Addressing The Culture Difference
Though not done in a huge way, you have to appreciate Matt being Black and Leigh being white wasn’t just the avoided Elephant in the room. In minor ways, nothing huge, the differences between their cultures are addressed. Mostly in episode 7.
Leigh Trying To Move On
While Matt holds the weight of the emotion, it is through Leigh, as a sort of medium, that you experience it all. Giving you the very rare, and thus unique, perspective of watching someone her age deal with losing their spouse. Well, not so rare there isn’t another character in her support group going through it, specifically a young woman named Becca, a soldier’s widow, but rare enough where you can’t think of another production which tackles the topic. Especially the way Leigh does in which it is like she has to consume all of the grieving and guilt and doesn’t wish to share it.
Making it where you see Olsen walk a tightrope.

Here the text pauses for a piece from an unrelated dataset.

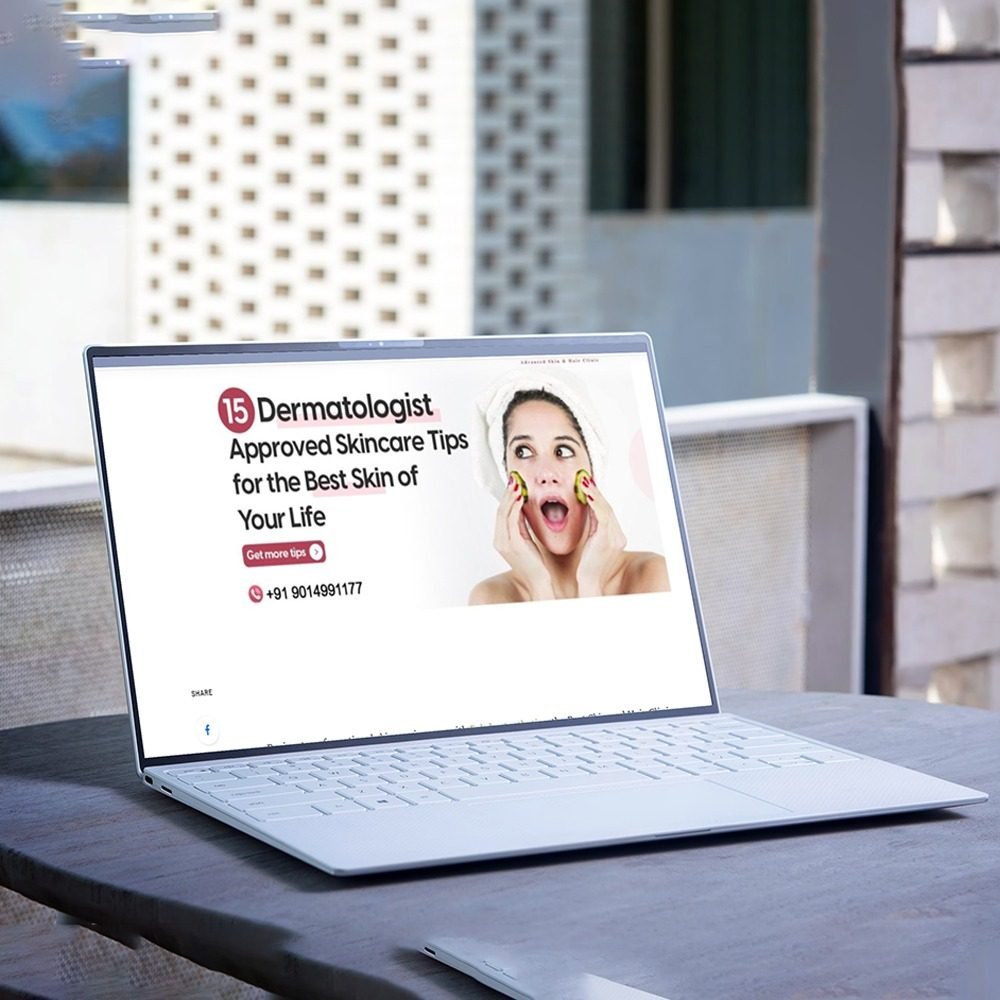 Laptop screen displaying 15 dermatologist-approved skincare tips for glowing skin, featuring a surprised woman and contact number of a Hyderabad skincare clinic.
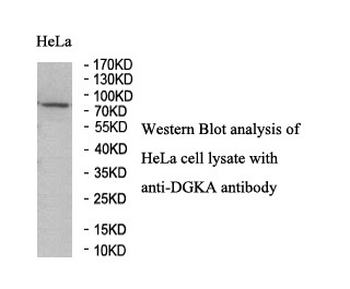 DGKA Rabbit Polyclonal Antibody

One that has, on one side, this need and desire to feel for her yet, at the same time, wish someone would curse her out. Particularly when it comes to talking to her family for it isn’t like they weren’t close to Matt as well. Not their husband, which she makes clear, but even her coming at Danny makes you wish he had less decorum and understanding.
On The Fence
Those Not Named Matt, Danny, or Leigh Got The Short End Of The Stick
While we do learn about Amy, Jules, and other characters, it really does seem that anyone whose story isn’t entangled in Matt’s gets the short end of the stick. Yes, Jules is dealing with sobriety issues, and Amy is having a difficult time being single, a businesswoman, and more, but the storylines seem so mundane. Making it so you barely feel a need to invest in these characters and their non-Matt related problems.

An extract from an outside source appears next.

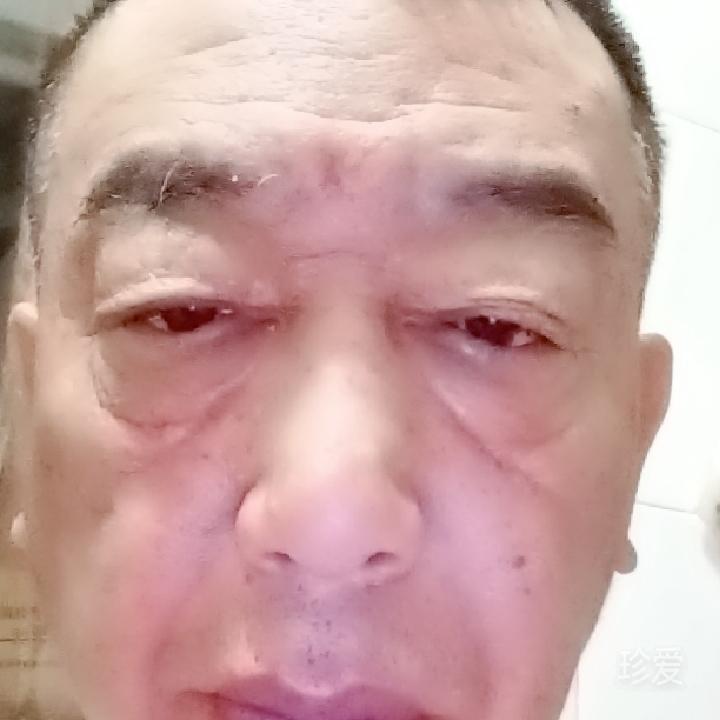 雨后看见彩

The Show’s Future Without Matt
Which leads to what may become the biggest issue of all for this show: What will it do without Matt? From what it appears, Leigh makes peace with Matt’s death and the main hook of the show was getting to know him, see his interactions with his family, and so on. Take him out of the picture and so comes the question if everyone will drastically lose their appeal to Amy and Jules levels?
Overall: Mixed (Stick Around)
The main issue with Sorry For Your Loss is that it seems like a limited series which may extend past that. Which, if we go by Olsen’s ideas for a second season, that is, dealing with the grief of being an adopted child or losing a marriage, Amy and Jules focused storylines, it may mean the second season is going to be a serious struggle. For I don’t think in casting Athie and really having him hold the emotional weight of the show, it really prepped for a thereafter.
Hence the mixed label. While you will enjoy the tolling drama of Sorry For Your Loss, it is hard to say it could really be a multi-season show and still be considered good. Especially considering how much, in a way, closure Leigh got in the finale. Making the possibility of a second season seem like the premise testing if it’ll overstay its welcome.